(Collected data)
━━━━━━━━━━━━━━━━━━━━

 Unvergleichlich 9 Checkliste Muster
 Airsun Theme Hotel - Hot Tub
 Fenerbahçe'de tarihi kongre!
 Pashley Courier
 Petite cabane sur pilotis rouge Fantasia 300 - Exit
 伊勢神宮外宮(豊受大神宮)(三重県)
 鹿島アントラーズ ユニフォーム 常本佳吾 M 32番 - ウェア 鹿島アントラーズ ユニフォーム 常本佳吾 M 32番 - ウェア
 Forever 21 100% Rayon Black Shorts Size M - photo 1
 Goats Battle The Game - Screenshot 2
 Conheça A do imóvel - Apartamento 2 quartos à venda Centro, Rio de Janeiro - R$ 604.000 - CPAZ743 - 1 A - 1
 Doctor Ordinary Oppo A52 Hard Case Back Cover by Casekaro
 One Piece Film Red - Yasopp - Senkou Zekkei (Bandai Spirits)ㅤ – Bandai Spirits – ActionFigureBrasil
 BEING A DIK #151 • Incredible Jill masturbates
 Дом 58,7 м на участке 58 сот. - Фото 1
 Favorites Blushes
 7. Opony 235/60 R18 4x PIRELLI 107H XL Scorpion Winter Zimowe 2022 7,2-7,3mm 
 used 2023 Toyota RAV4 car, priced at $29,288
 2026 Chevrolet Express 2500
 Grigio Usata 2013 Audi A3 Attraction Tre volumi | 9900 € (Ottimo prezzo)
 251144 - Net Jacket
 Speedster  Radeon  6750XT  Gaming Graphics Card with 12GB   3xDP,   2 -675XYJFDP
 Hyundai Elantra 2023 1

━━━━━━━━━━━━━━━━━━━━

- YOUR OBJECTIVE: An exact copy of every entry is what's needed, so retype them all.

- TASK ANSWER:
 Unvergleichlich 9 Checkliste Muster
 Airsun Theme Hotel - Hot Tub
 Fenerbahçe'de tarihi kongre!
 Pashley Courier
 Petite cabane sur pilotis rouge Fantasia 300 - Exit
 伊勢神宮外宮(豊受大神宮)(三重県)
 鹿島アントラーズ ユニフォーム 常本佳吾 M 32番 - ウェア 鹿島アントラーズ ユニフォーム 常本佳吾 M 32番 - ウェア
 Forever 21 100% Rayon Black Shorts Size M - photo 1
 Goats Battle The Game - Screenshot 2
 Conheça A do imóvel - Apartamento 2 quartos à venda Centro, Rio de Janeiro - R$ 604.000 - CPAZ743 - 1 A - 1
 Doctor Ordinary Oppo A52 Hard Case Back Cover by Casekaro
 One Piece Film Red - Yasopp - Senkou Zekkei (Bandai Spirits)ㅤ – Bandai Spirits – ActionFigureBrasil
 BEING A DIK #151 • Incredible Jill masturbates
 Дом 58,7 м на участке 58 сот. - Фото 1
 Favorites Blushes
 7. Opony 235/60 R18 4x PIRELLI 107H XL Scorpion Winter Zimowe 2022 7,2-7,3mm 
 used 2023 Toyota RAV4 car, priced at $29,288
 2026 Chevrolet Express 2500
 Grigio Usata 2013 Audi A3 Attraction Tre volumi | 9900 € (Ottimo prezzo)
 251144 - Net Jacket
 Speedster  Radeon  6750XT  Gaming Graphics Card with 12GB   3xDP,   2 -675XYJFDP
 Hyundai Elantra 2023 1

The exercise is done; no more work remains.